Another major news item this week: Live Nation-AEG canceled a string of Buju Banton's North American concert dates after appeals from gay rights advocates. Some reggae fans were surprised by the move, considering that Buju performed at New York's famous Madison Square Garden earlier this year. A Facebook group has been launched by fans in Buju's defense.
The row with Banton extends from his 1992 song "Boom Bye Bye," which features violently anti-homosexual lyrics.
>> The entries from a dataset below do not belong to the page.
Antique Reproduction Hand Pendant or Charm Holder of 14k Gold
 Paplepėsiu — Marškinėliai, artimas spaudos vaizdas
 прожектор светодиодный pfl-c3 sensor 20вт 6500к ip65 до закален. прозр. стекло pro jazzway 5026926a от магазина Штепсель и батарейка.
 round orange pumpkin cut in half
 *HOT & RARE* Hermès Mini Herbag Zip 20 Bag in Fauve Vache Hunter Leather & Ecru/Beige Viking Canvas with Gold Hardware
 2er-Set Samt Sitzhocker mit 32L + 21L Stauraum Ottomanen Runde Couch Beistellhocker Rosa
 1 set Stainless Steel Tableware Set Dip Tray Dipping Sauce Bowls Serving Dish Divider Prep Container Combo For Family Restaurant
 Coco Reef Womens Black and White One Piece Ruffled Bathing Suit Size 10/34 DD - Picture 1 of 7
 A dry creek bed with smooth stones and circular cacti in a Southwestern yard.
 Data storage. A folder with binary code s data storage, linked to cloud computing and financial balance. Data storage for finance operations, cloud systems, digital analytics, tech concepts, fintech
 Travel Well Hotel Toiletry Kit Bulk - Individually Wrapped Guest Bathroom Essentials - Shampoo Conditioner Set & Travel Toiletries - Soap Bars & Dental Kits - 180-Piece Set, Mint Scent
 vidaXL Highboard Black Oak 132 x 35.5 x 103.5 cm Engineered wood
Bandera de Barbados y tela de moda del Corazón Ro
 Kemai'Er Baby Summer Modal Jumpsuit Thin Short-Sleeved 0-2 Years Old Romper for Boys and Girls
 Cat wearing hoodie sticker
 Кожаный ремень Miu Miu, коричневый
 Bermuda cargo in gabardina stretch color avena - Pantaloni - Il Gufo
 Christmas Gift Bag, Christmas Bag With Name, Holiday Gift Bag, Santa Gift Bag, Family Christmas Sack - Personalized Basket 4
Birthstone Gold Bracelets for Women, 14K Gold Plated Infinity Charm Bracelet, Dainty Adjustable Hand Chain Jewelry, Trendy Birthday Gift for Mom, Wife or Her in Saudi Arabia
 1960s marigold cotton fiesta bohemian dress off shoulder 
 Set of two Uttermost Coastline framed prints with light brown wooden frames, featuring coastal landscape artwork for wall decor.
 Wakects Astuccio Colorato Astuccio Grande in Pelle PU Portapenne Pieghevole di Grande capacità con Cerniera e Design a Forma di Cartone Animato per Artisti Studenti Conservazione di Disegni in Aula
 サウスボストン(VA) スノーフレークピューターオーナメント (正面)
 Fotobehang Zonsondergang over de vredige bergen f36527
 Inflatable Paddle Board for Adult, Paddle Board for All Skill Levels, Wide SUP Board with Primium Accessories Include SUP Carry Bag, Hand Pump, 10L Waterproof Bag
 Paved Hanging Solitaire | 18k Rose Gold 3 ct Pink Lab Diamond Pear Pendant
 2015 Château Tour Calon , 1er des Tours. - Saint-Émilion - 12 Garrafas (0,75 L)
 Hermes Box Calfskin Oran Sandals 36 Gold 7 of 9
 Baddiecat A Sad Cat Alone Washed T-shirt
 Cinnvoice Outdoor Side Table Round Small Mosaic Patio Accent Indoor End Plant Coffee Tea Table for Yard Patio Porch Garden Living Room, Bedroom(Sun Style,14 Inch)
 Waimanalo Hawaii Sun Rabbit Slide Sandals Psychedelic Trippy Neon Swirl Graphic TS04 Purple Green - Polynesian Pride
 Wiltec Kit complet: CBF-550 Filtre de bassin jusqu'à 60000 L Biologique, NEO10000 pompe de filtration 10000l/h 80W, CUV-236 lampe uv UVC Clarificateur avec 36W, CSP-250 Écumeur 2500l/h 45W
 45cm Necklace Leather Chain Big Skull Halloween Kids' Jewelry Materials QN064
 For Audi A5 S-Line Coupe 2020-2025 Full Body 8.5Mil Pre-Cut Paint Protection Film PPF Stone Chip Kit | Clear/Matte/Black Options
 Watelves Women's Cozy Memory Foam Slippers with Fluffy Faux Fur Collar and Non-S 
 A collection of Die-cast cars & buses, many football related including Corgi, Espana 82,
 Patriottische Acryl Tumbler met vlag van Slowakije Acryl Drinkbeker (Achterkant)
Recorded when Buju was 15, and prior to his conversion to Rastafarianism, the singer has changed his tune considerably over the years, transforming into a global peace and human rights advocate whose new album Rasta Got Soul features zero offensive lyrics.
However, the situation for gays and lesbians in Jamaica continues to be dire and deadly, especially after the sitting Prime Minister delivered a homophobic rant while on a government trip to the UK. Buju may not be a deserving target, but the island's extremely influential entertainers should do more to speak out about this particular social injustice in their society.
In other reggae news:
Mighty Crown have added Barrington Levy to their annual mega concert Sept 5, which draws as many as 40,000 fans. It's Levy's first appearance in Japan in 20 years.
Vybz Kartel, Serani and Tarrus Riely have been nominated for MOBO awards, presented on Sept 30 in Scotland.
Fast rising singer Delus has a new mixtape called "Listen Up."
The dancehall riddim Cheez Trix featuring Natalie Storm, Bugle, Charlie Black is making waves.
Maxi Pries, UB40 and Maximus dan have teamed up for the new song "Morning Light."
Inner Circle's excellent new State of the World album is out now on Shanachie featuring collabos with Lutan Fyah, Bushman, Jr. Reid and Luciano. Hear clips on their website.